**Work task**
Beneath this line are entries. Copy the range from the line with "Jannik Sinner : L’Étoile" to the line with "apartment em Rua", ends included, exactly; leave pictures out.

** Input data follows **

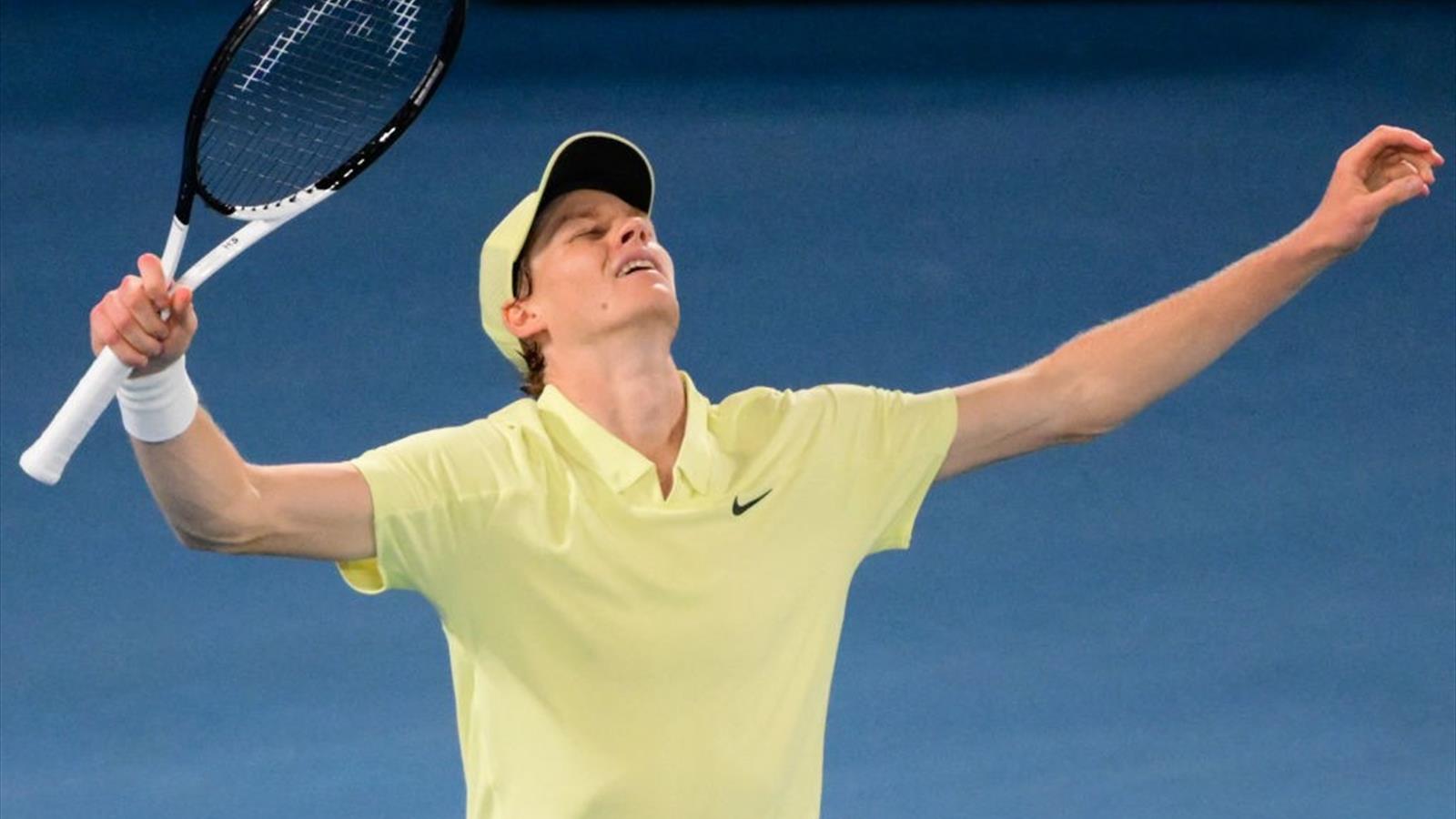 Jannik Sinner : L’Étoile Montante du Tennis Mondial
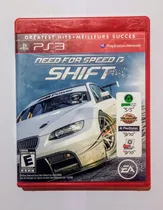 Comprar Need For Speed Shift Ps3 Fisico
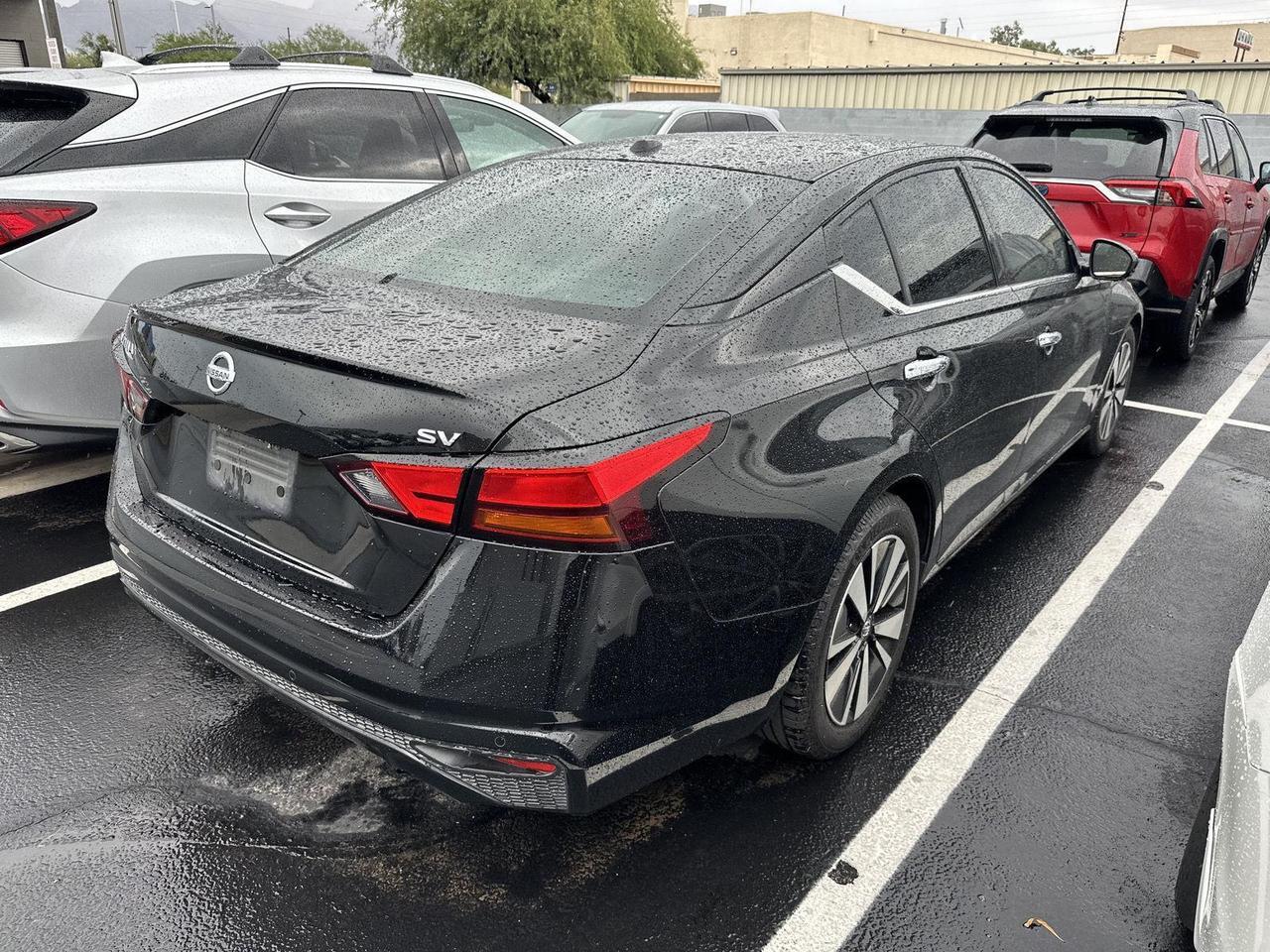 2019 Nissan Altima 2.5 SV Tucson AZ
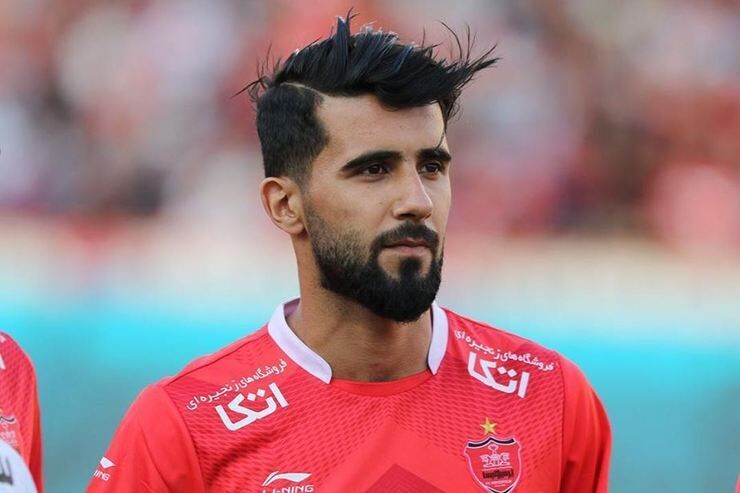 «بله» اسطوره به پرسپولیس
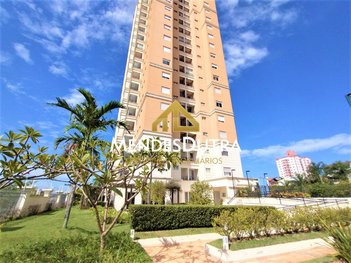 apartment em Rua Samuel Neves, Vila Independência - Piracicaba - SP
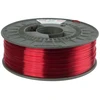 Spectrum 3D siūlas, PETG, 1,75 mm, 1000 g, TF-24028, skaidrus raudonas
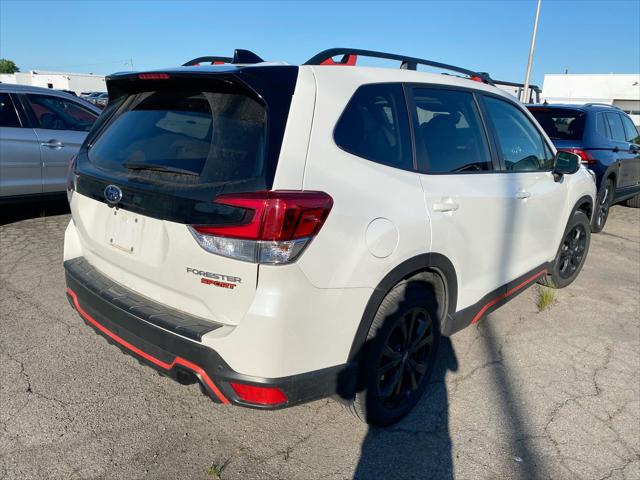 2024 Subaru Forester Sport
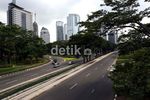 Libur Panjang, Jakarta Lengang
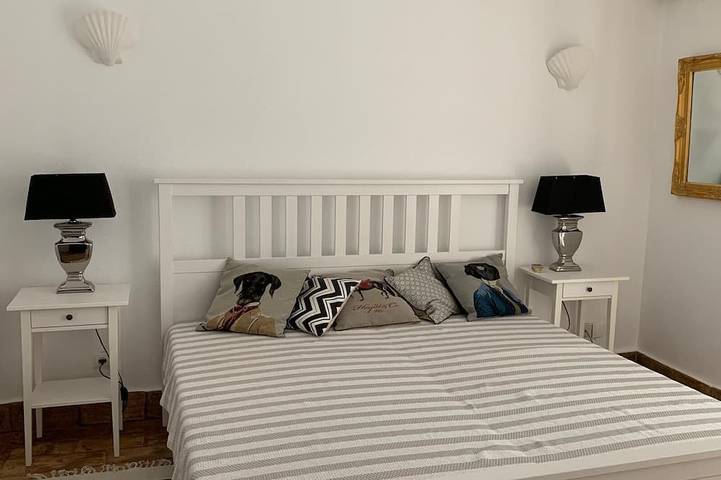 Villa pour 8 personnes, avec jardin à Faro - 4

** End of Input data **
** Input data follows **

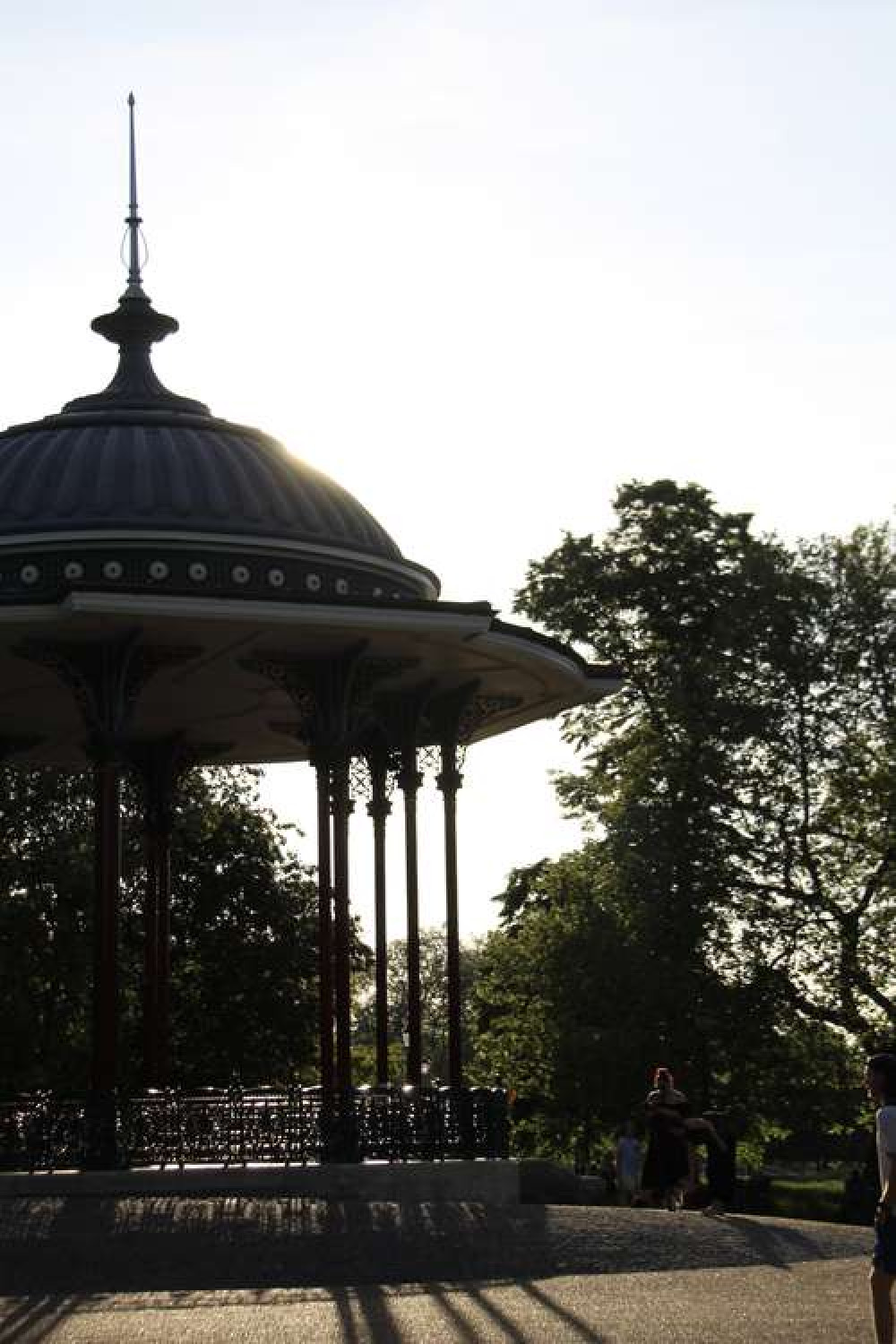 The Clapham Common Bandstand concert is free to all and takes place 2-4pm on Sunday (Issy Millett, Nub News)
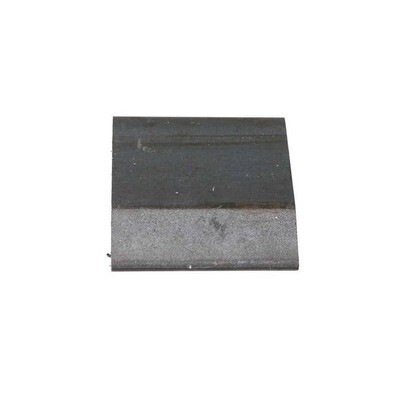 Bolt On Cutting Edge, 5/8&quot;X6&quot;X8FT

** End of Input data **

**Answer area**
 Jannik Sinner : L’Étoile Montante du Tennis Mondial
 Comprar Need For Speed Shift Ps3 Fisico
 2019 Nissan Altima 2.5 SV Tucson AZ
 «بله» اسطوره به پرسپولیس
 apartment em Rua Samuel Neves, Vila Independência - Piracicaba - SP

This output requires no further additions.